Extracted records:

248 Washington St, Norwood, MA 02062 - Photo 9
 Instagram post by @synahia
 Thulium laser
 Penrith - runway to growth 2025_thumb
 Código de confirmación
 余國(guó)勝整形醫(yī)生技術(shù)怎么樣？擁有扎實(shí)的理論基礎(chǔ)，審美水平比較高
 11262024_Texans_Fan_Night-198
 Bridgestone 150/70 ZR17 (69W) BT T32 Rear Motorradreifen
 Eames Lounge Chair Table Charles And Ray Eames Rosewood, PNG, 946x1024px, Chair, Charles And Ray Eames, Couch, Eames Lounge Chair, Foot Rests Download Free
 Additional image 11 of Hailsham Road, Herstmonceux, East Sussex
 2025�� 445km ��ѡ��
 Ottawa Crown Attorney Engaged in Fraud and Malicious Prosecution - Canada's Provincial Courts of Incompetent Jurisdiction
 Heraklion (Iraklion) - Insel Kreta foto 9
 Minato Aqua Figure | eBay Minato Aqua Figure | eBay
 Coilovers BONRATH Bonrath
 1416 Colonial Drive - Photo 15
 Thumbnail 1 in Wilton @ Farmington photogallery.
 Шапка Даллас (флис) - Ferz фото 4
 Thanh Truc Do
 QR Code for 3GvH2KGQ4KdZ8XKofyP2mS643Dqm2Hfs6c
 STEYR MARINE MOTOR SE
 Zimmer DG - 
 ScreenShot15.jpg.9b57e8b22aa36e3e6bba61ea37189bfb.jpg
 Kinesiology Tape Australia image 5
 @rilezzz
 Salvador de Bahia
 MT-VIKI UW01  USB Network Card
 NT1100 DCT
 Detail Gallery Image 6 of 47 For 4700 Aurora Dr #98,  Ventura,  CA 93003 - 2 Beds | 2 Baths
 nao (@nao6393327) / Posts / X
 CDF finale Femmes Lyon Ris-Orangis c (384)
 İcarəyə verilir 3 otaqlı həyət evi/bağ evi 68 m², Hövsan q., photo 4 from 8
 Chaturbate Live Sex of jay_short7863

• **Task brief**: The answer should be an exact copy of the lines from the one containing "Penrith - runway to growth 2025_thumb" through the last line of the entries, both included.

• **Your response**:
 Penrith - runway to growth 2025_thumb
 Código de confirmación
 余國(guó)勝整形醫(yī)生技術(shù)怎么樣？擁有扎實(shí)的理論基礎(chǔ)，審美水平比較高
 11262024_Texans_Fan_Night-198
 Bridgestone 150/70 ZR17 (69W) BT T32 Rear Motorradreifen
 Eames Lounge Chair Table Charles And Ray Eames Rosewood, PNG, 946x1024px, Chair, Charles And Ray Eames, Couch, Eames Lounge Chair, Foot Rests Download Free
 Additional image 11 of Hailsham Road, Herstmonceux, East Sussex
 2025�� 445km ��ѡ��
 Ottawa Crown Attorney Engaged in Fraud and Malicious Prosecution - Canada's Provincial Courts of Incompetent Jurisdiction
 Heraklion (Iraklion) - Insel Kreta foto 9
 Minato Aqua Figure | eBay Minato Aqua Figure | eBay
 Coilovers BONRATH Bonrath
 1416 Colonial Drive - Photo 15
 Thumbnail 1 in Wilton @ Farmington photogallery.
 Шапка Даллас (флис) - Ferz фото 4
 Thanh Truc Do
 QR Code for 3GvH2KGQ4KdZ8XKofyP2mS643Dqm2Hfs6c
 STEYR MARINE MOTOR SE
 Zimmer DG - 
 ScreenShot15.jpg.9b57e8b22aa36e3e6bba61ea37189bfb.jpg
 Kinesiology Tape Australia image 5
 @rilezzz
 Salvador de Bahia
 MT-VIKI UW01  USB Network Card
 NT1100 DCT
 Detail Gallery Image 6 of 47 For 4700 Aurora Dr #98,  Ventura,  CA 93003 - 2 Beds | 2 Baths
 nao (@nao6393327) / Posts / X
 CDF finale Femmes Lyon Ris-Orangis c (384)
 İcarəyə verilir 3 otaqlı həyət evi/bağ evi 68 m², Hövsan q., photo 4 from 8
 Chaturbate Live Sex of jay_short7863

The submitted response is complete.